You must have a computer program that allows you to calculate the activity coefficients at ionic strength 1.0. Then you have to count the acetic acid concentrations in both buffers and decide whether to add some acid (easier situation) or to neutralize some of the acid with NaOH (a bit more difficult situation)

Borek:
While answer AWK gave is perfectly right, are you sure this question doesn't just check if you understand what the buffer is? What happens to pH when you dilute the buffer solution?

AussieKenDoll:
pH remains unchanged when the buffer is diluted slightly and at extreme dilutions, the pH of the buffer reaches 7!

AWK:

--- Quote from: AussieKenDoll on March 18, 2019, 02:56:12 AM ---pH remains unchanged when the buffer is diluted slightly

--- End quote ---
This is a good approximation for relatively diluted solutions with low ionic strength only, but when you change ionic strength from 1.0 to 0.1 this rule may give even an unpredictable result.

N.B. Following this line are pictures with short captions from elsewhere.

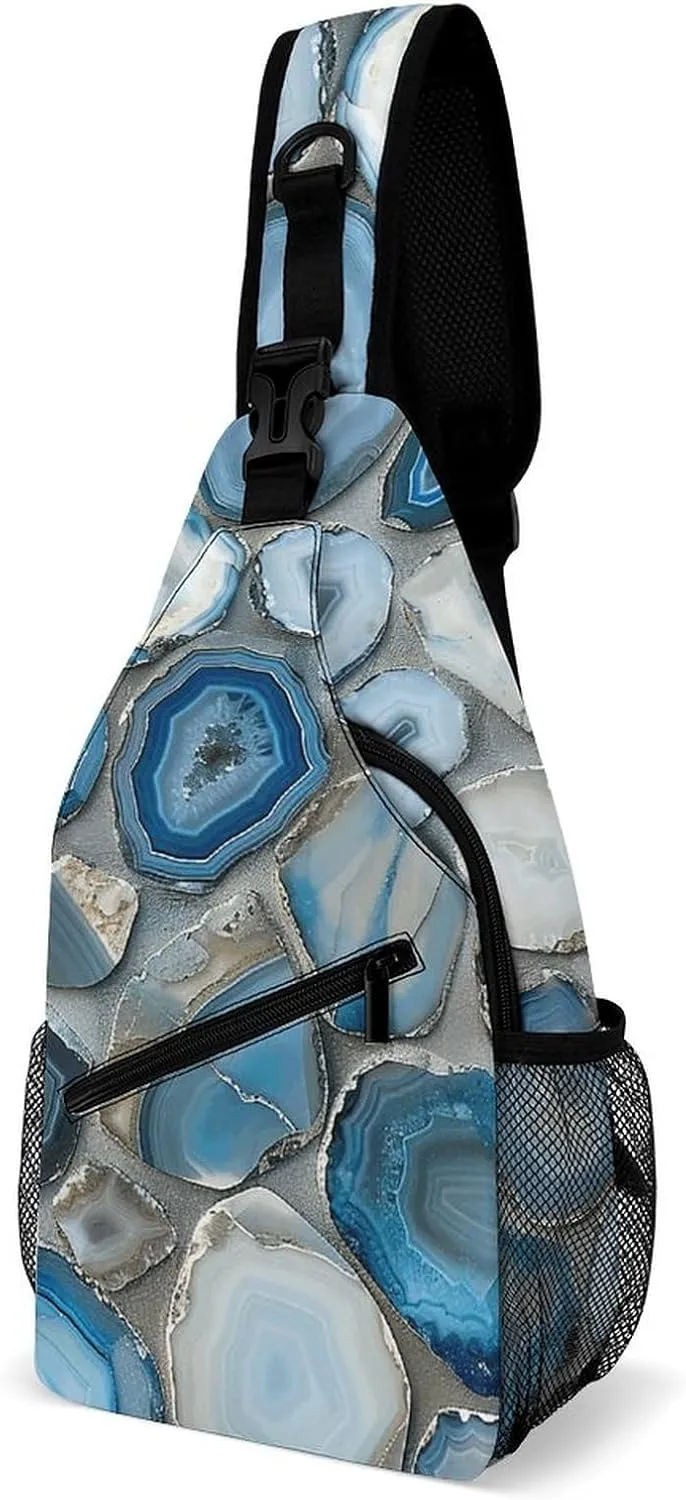 Lightweight Chest Bag Crossbody Bag Agate Slice Pattern Sling Backpack for Women Men Sports Travel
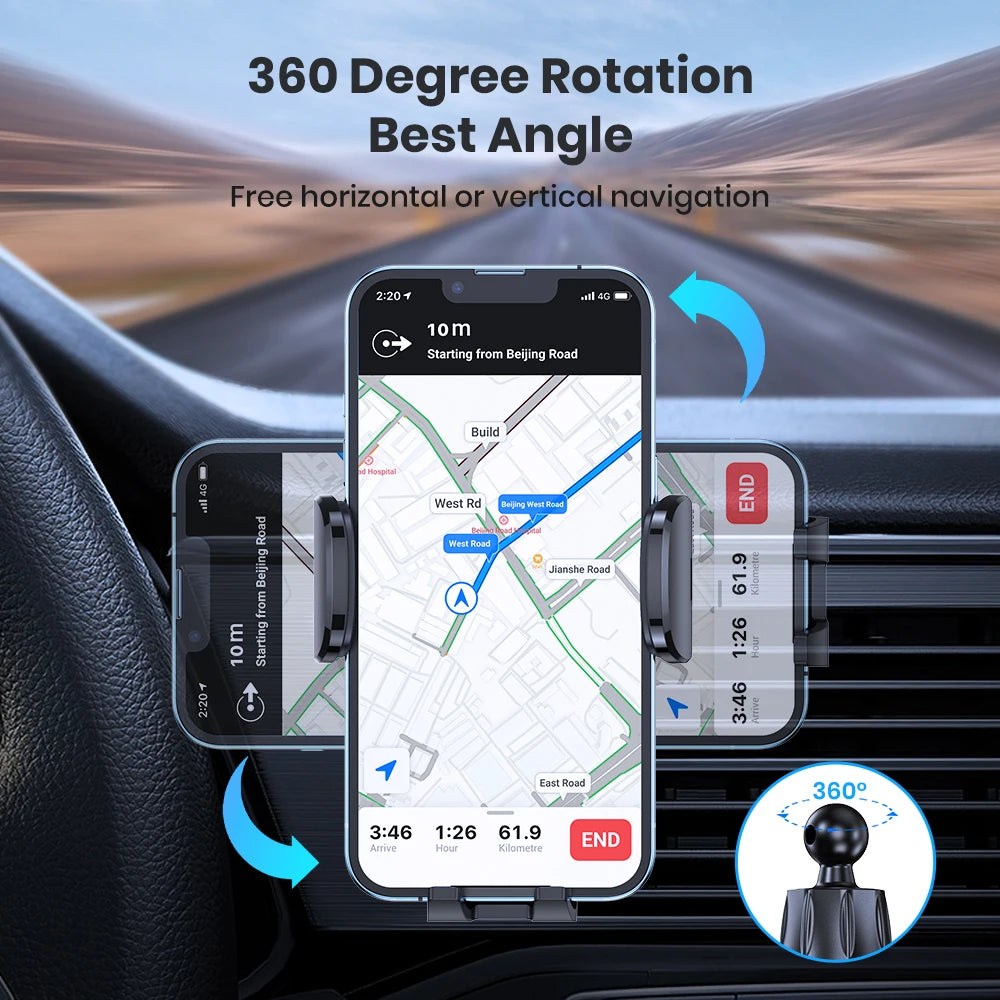 TOPK Car Phone Holder Universal Phone Mount for Car with Hook Clip Air Vent Car Mount 360° Rotation for Mobile Phones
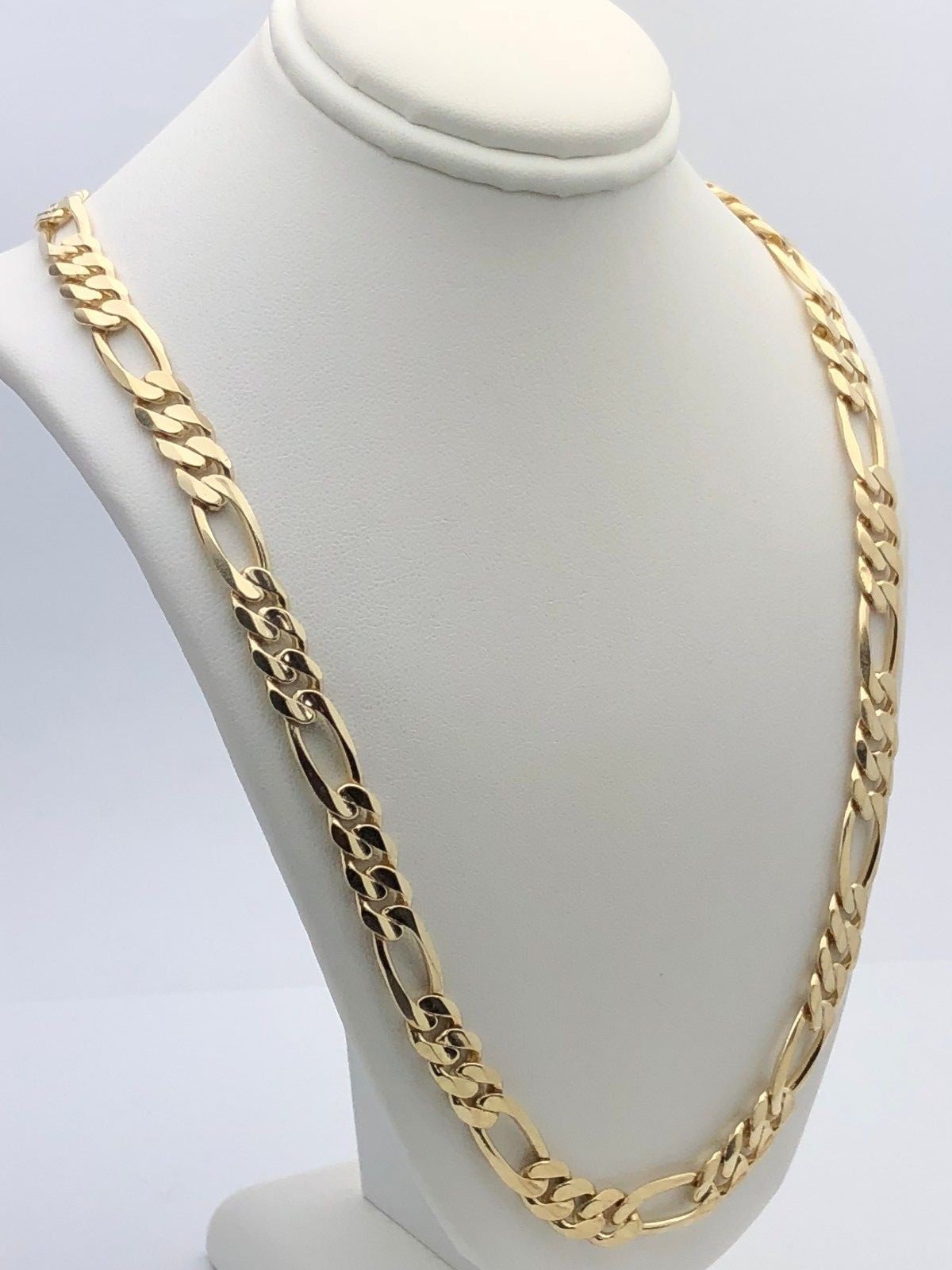 Men's 14k Yellow Gold Solid Figaro Chain Necklace Link 20" 7.75mm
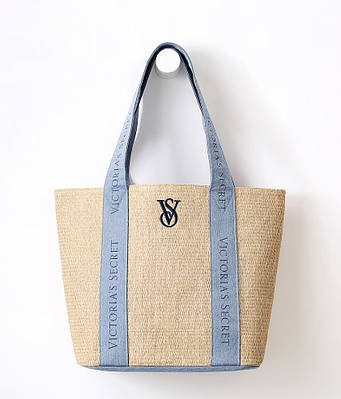 Сумка соломʼяна з джинсовими ручками Victoria’s Secret (Вікторія Сікрет), оригінал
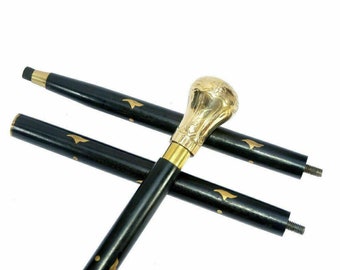 Solid brass round shape handle wooden walking stick cane in 3 fold with brass inlaid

--- Quote ---the pH of the buffer reaches 7
--- End quote ---
This is not always true. A high dilution of some buffer solutions may result in exceeding the pH of 7.
Working with ionic strength ~0.1 M, a row error of 0.05 pH unit is obtained. Such an error is acceptable at the beginning of studying chemistry.
But using ionic strength 1.0 you are going up to advanced chemistry level.